Hazel Smith

Working Note

I am primarily interested in linguistic and structural experimentation, and the extension of poetry into other genres and media. My verbal experiments have included rhythmic notation of texts, constructed languages, and crossover genres which combine poetry and prose. I have a strong commitment to performance work, including sonic writing (semiotic exchange between music, words and technology) and its gendered implications (sonic cross-dressing). Some of my performance texts have taken the form of "techno-dramas" which have fragmented narrative and dramatic elements, and also involve technological manipulation of the voice. However, at the moment, I am particularly excited about writing in hypermedia. I believe that the new media provide some of the most challenging possibilities for innovative writing because they allow labyrinthine linking of texts, animation of words, and the cross-over of the visual, sonic and verbal within the single domain of the computer. My writing is always multi-thematic and is increasingly triggered by theoretical and historical reading. Lately it has focused on the convergence of collective and individual memory, time-space compression, migration and the body. Important influences on my writing have been my cross-cultural background (a mixture of British and Australian with Jewish parentage) and my former career as a professional musician. Collaboration interests me a great deal because of the challenges it poses for subjectivity and autonomy, and because it constantly widens my horizons. I am currently involved in a number of multi-media collaborations, and also a ficto-critical one, with writer and critic Anne Brewster, which blends theory with many other genres of writing.

 

Hypertext poetry:

INTERTWINGLING  (experience with sound-- optimized for Netscape on a Mac -- sound may not work if viewed in another browser)

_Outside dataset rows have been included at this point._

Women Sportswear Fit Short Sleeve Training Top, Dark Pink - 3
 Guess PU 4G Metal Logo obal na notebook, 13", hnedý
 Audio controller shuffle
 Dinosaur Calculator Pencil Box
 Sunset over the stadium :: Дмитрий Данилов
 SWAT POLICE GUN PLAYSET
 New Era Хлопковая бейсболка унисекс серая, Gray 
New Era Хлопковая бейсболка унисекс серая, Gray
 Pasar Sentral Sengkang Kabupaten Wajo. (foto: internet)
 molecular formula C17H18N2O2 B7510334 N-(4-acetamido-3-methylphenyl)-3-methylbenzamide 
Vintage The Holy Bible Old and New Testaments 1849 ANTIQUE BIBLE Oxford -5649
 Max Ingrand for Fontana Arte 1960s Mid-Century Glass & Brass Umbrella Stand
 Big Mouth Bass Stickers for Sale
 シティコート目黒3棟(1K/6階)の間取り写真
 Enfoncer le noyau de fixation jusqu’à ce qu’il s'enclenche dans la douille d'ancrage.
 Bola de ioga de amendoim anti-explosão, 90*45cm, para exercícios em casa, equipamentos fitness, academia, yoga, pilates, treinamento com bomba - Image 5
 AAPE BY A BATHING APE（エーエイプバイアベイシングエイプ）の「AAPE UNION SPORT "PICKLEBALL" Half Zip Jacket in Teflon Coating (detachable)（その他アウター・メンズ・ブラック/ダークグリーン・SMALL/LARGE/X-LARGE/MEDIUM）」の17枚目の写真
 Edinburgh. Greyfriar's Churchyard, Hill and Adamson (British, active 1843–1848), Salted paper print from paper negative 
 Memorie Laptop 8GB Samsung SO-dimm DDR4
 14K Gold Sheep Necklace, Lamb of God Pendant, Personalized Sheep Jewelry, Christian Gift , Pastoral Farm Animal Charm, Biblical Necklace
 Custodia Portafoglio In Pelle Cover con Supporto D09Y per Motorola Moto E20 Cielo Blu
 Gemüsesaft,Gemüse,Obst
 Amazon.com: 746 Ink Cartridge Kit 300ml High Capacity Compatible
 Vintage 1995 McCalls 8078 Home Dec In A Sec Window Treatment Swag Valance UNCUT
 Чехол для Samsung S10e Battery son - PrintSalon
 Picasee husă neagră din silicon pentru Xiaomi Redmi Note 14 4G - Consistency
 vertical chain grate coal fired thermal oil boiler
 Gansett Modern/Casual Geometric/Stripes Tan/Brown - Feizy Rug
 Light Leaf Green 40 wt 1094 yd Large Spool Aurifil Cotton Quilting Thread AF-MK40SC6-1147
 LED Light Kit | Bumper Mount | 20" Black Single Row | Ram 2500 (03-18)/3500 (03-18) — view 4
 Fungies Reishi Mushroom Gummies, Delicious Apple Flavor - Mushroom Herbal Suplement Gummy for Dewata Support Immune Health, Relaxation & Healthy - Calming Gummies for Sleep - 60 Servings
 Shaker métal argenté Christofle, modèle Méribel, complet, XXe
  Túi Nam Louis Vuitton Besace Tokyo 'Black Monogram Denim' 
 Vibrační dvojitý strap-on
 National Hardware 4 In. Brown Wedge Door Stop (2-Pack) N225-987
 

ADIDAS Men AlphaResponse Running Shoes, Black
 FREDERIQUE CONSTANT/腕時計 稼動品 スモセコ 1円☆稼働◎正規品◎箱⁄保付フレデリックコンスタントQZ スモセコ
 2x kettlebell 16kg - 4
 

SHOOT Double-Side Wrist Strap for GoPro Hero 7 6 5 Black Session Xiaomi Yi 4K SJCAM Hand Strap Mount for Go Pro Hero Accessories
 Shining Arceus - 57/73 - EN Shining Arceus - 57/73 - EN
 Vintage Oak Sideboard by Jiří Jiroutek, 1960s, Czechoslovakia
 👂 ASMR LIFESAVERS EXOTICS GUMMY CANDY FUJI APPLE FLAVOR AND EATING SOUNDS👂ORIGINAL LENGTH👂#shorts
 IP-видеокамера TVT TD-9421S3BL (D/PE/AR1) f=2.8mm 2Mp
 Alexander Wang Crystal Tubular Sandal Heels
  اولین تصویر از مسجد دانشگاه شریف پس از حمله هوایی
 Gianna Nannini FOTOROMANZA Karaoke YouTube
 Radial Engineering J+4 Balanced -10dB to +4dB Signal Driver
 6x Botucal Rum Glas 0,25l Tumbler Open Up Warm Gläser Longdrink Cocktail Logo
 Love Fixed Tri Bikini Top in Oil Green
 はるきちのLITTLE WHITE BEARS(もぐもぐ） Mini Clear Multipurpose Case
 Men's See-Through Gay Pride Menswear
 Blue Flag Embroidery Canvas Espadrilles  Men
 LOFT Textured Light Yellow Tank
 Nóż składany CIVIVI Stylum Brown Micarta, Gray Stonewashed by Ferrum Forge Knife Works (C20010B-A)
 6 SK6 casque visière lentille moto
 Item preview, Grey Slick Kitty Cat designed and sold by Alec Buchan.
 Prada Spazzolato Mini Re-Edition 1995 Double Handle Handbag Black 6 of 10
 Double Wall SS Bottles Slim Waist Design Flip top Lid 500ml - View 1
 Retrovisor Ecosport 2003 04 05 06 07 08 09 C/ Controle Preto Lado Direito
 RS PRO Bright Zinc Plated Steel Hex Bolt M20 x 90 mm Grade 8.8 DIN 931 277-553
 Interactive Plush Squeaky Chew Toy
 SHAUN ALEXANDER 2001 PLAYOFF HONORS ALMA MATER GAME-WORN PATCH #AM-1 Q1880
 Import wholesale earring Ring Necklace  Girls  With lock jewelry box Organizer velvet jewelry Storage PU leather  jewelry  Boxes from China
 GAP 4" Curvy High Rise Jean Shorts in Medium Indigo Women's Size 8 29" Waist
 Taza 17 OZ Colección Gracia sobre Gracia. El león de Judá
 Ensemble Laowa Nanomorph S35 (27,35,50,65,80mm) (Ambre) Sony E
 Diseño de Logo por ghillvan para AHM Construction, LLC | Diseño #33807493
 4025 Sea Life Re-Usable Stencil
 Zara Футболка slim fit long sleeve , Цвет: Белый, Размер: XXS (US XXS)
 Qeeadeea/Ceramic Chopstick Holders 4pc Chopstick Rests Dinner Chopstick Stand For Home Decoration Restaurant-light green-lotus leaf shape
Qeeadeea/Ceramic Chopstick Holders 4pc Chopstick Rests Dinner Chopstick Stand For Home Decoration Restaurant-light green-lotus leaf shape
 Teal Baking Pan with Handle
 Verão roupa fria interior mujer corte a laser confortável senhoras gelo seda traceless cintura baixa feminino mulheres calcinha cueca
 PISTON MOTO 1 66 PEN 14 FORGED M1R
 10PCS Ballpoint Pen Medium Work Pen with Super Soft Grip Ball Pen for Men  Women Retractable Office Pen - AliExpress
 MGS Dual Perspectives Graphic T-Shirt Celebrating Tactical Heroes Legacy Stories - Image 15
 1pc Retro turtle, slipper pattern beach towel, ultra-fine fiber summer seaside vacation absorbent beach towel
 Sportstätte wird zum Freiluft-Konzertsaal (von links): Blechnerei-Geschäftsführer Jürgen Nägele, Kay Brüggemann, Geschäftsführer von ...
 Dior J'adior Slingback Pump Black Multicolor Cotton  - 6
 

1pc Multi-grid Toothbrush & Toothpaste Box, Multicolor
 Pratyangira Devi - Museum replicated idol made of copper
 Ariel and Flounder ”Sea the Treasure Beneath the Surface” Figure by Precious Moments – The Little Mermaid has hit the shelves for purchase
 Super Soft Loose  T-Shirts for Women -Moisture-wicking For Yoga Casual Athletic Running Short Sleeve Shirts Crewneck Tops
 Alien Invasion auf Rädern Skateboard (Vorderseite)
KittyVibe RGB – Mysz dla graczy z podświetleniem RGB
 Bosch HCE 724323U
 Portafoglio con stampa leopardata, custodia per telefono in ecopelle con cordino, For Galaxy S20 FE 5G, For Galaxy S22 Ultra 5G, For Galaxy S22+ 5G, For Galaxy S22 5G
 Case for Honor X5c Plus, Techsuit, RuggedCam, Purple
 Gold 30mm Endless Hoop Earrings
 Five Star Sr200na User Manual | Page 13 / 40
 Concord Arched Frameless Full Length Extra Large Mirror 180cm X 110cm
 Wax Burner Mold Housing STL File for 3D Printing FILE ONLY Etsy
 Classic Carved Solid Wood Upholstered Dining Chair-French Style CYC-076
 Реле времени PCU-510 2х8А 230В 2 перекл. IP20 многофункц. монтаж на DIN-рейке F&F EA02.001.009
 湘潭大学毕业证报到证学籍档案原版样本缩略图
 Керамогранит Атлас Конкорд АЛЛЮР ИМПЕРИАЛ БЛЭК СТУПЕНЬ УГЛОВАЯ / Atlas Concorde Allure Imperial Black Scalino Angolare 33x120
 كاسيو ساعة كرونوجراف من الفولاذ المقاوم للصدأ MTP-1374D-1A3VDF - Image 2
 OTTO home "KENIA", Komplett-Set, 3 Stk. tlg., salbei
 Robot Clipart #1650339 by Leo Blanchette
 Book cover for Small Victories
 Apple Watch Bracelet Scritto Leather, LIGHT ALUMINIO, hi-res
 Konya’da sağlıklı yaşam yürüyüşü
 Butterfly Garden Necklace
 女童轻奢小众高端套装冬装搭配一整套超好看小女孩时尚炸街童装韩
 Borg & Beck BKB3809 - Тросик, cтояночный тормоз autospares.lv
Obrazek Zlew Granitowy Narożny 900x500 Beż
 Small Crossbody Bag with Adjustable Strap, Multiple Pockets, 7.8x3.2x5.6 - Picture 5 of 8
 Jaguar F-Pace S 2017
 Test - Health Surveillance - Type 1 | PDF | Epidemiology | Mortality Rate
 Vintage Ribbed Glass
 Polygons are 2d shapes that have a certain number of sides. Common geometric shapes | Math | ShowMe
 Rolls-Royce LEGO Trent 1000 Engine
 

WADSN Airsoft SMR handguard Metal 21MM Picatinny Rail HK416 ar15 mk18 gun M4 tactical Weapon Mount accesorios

INTERTWINGLING  (experience without sound)

 


Bio: Hazel Smith works in the areas of poetry, experimental writing, performance, multi-media and hypertext. She is a member of the multi-media group austraLYSIS, and her web page can be found at www.australysis.com. She has published two volumes of poetry, Abstractly Represented: Poems and Performance Texts 1982-90, Butterfly Books 1991, and Keys Round Her Tongue: short prose, poetry and performance texts, Soma Publications 2000. Her two CDs of performance texts, Poet Without Language and Nuraghic Echoes (with musician Roger Dean), were released by Rufus Records in 1994 and 1996 respectively. Recently Hazel has been involved in the creation of a number of hypermedia works. In 1997 she collaborated with Roger Dean on a hypermedia piece, Walking The Faultlines, which is featured on Cyberquilt: A CD-Rom Anthology, International Computer Music Association, San Francisco 1999. In 1997 she was co-recipient, with Roger Dean and Greg White, of a grant from the Australian Film Commission to design a hypermedia work, “Wordstuffs: the city and the body”, for their StuffArt website. Hazel has also collaborated on several mixed-media installations and publications with artist Sieglinde Karl.

Hazel is a Senior Lecturer in the School of English at the University of New South Wales. She is co-author with Roger Dean of Improvisation, Hypermedia and the Arts Since 1945, Harwood Academic 1997 and author of Hyperscapes in the Poetry of Frank O'Hara: difference, homosexuality, topography, Liverpool University Press 2000. She has also been an internationally active violinist and features as soloist on several commercial recordings.